Matthew Ladra, MD, MPH
Esthesioneuroblastoma is a rare malignancy of the paranasal sinus that occurs mostly in adults, though there is a small population of pediatric patients diagnosed annually. There is a significantly lower incidence of this disease in pediatric and adolescent patients, resulting in a lack of data and no standardization of therapy, according to Matthew Ladra, MD, MPH.
, Ladra, director, Pediatric Radiation Oncology, assistant professor, Radiation Oncology and Molecular Radiation, Johns Hopkins Kimmel Cancer Center at Sibley Memorial Hospital, discussed the treatment of patients with esthesioneuroblastoma, emphasizing the need for collaboration in this rare malignancy.
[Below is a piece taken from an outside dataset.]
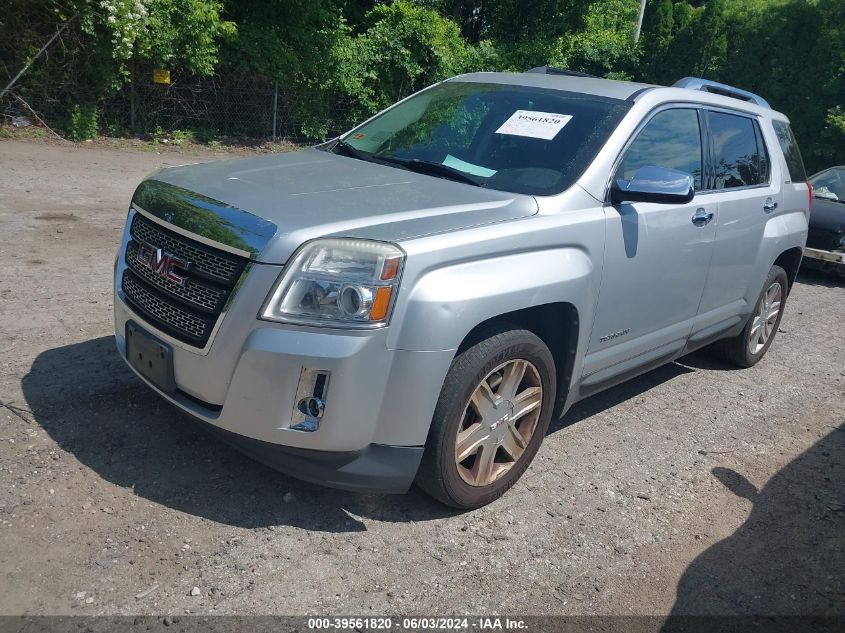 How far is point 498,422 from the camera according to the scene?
3.56 meters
OncLive: Please provide some background information on esthesioneuroblastoma.
This is a disease that occurs in the nasal cavity from neuronal tissue. It arises anywhere that there is olfactory epithelium. It most commonly occurs in adults, but about 20% of cases are in pediatric patients between 10 and 20 years of age.
Being a very rare tumor, there is only about 63 cases described in the literature since 2000. Between the year 1900 and 2000, there were less than 100 cases described. Therefore, when we can get data from a multicenter collaborative effort, that is always very useful. In 2016, there was a study published with data from St. Jude Children's Research Hospital, Boston Children's Hospital, and Baylor University, which did a very good job of putting together these rare cases. They gave a summary of the outcomes for about 24 children using chemotherapy, radiation, and surgery in some combination.
How is treatment for these patients determined?
There are a couple of stages based on the clinical presentation and how invasive it is in the nasal cavity, or what it looks like under the microscope. Based on current staging, the treatment can range from surgery alone—which is for the earliest-stage tumors—to radiation if the tumor is larger and takes up more than one side of the nasal cavity or if it looks aggressive under the microscope.
In pediatrics, there has been good response; between 60% and 80% of cases respond to chemotherapy. We have been using a combinatorial therapy of radiation, chemotherapy, and surgery, which appears to give the best results. In adults, the data for using chemotherapy is less compelling. In earlier stages, we will use surgery or surgery plus radiation. Chemotherapy is only for metastatic or extensive-stage disease in adults at most centers.
What are the outstanding challenges in treating patients with this rare malignancy?
[We need] more data. Since it happens so rarely, most people only see 1 or 2 cases in their career. The way in which we treat this is not standardized, so there are still a lot of questions. There are questions: how much benefit does chemotherapy bring? If it is a lower-grade tumor, do they need chemotherapy? Do they need radiation if they have had a good resection? How reliable are surgical margins after endoscopic surgery, which is going in through the nose, versus an interior cranial facial resection where you remove the tumor in total along with the surrounding bone and soft tissue structures?
I can give guidelines based on existing research, but those are all based on series of 8 to 20 children, so we need to focus on collaborative efforts and sharing data. Also, we should come up with a good standardized agreement on how we should start treating these children at this point.
What would you like oncologists to know about the landscape of this disease?
Collaboration is the key to what we do, and to make things better in the future. Fortunately, the proportion of children who have cancer is so much smaller than adults. Using good studies and solid data to make changes, sharing our data, working together, and communicating is really what is going to make a difference.